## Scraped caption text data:

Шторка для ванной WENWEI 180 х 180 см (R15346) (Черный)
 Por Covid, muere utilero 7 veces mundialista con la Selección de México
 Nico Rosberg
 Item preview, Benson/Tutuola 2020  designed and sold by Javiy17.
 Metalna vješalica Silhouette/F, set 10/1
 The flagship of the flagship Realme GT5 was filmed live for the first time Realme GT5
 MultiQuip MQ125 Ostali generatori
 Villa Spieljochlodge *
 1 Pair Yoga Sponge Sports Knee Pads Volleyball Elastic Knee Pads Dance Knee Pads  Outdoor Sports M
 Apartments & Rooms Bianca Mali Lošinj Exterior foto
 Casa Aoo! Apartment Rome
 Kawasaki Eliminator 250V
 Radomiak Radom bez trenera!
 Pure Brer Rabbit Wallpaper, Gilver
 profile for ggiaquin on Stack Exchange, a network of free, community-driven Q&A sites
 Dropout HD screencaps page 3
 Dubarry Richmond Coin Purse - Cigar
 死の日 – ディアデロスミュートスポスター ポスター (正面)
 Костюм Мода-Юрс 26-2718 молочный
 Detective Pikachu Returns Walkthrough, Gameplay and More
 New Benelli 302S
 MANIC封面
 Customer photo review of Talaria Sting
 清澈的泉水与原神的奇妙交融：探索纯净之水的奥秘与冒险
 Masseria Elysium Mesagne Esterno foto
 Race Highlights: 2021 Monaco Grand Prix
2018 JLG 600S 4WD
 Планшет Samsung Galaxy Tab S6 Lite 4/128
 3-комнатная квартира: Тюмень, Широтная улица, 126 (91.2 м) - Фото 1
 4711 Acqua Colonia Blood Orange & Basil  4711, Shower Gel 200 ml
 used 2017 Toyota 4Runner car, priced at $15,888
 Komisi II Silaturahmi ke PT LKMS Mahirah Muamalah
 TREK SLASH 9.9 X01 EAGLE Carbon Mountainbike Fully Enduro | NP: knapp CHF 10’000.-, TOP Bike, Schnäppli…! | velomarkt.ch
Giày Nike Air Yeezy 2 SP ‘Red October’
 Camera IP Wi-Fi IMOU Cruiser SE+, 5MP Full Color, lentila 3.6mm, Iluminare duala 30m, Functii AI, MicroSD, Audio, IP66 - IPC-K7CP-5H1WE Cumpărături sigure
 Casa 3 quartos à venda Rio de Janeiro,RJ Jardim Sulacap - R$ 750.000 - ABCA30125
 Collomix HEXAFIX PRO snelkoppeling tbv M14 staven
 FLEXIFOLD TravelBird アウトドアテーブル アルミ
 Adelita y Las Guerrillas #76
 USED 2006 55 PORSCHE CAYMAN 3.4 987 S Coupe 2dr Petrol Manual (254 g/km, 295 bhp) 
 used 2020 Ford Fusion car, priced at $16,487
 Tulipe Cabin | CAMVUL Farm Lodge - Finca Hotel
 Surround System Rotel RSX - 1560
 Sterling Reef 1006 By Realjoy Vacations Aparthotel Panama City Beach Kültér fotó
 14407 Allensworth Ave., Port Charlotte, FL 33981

## Your objective:
Beginning at the line above that contains "1 Pair Yoga", return each line exactly through the line that contains "Customer photo review of Talaria Sting", and no others.

## Answer to this task:
 1 Pair Yoga Sponge Sports Knee Pads Volleyball Elastic Knee Pads Dance Knee Pads  Outdoor Sports M
 Apartments & Rooms Bianca Mali Lošinj Exterior foto
 Casa Aoo! Apartment Rome
 Kawasaki Eliminator 250V
 Radomiak Radom bez trenera!
 Pure Brer Rabbit Wallpaper, Gilver
 profile for ggiaquin on Stack Exchange, a network of free, community-driven Q&A sites
 Dropout HD screencaps page 3
 Dubarry Richmond Coin Purse - Cigar
 死の日 – ディアデロスミュートスポスター ポスター (正面)
 Костюм Мода-Юрс 26-2718 молочный
 Detective Pikachu Returns Walkthrough, Gameplay and More
 New Benelli 302S
 MANIC封面
 Customer photo review of Talaria Sting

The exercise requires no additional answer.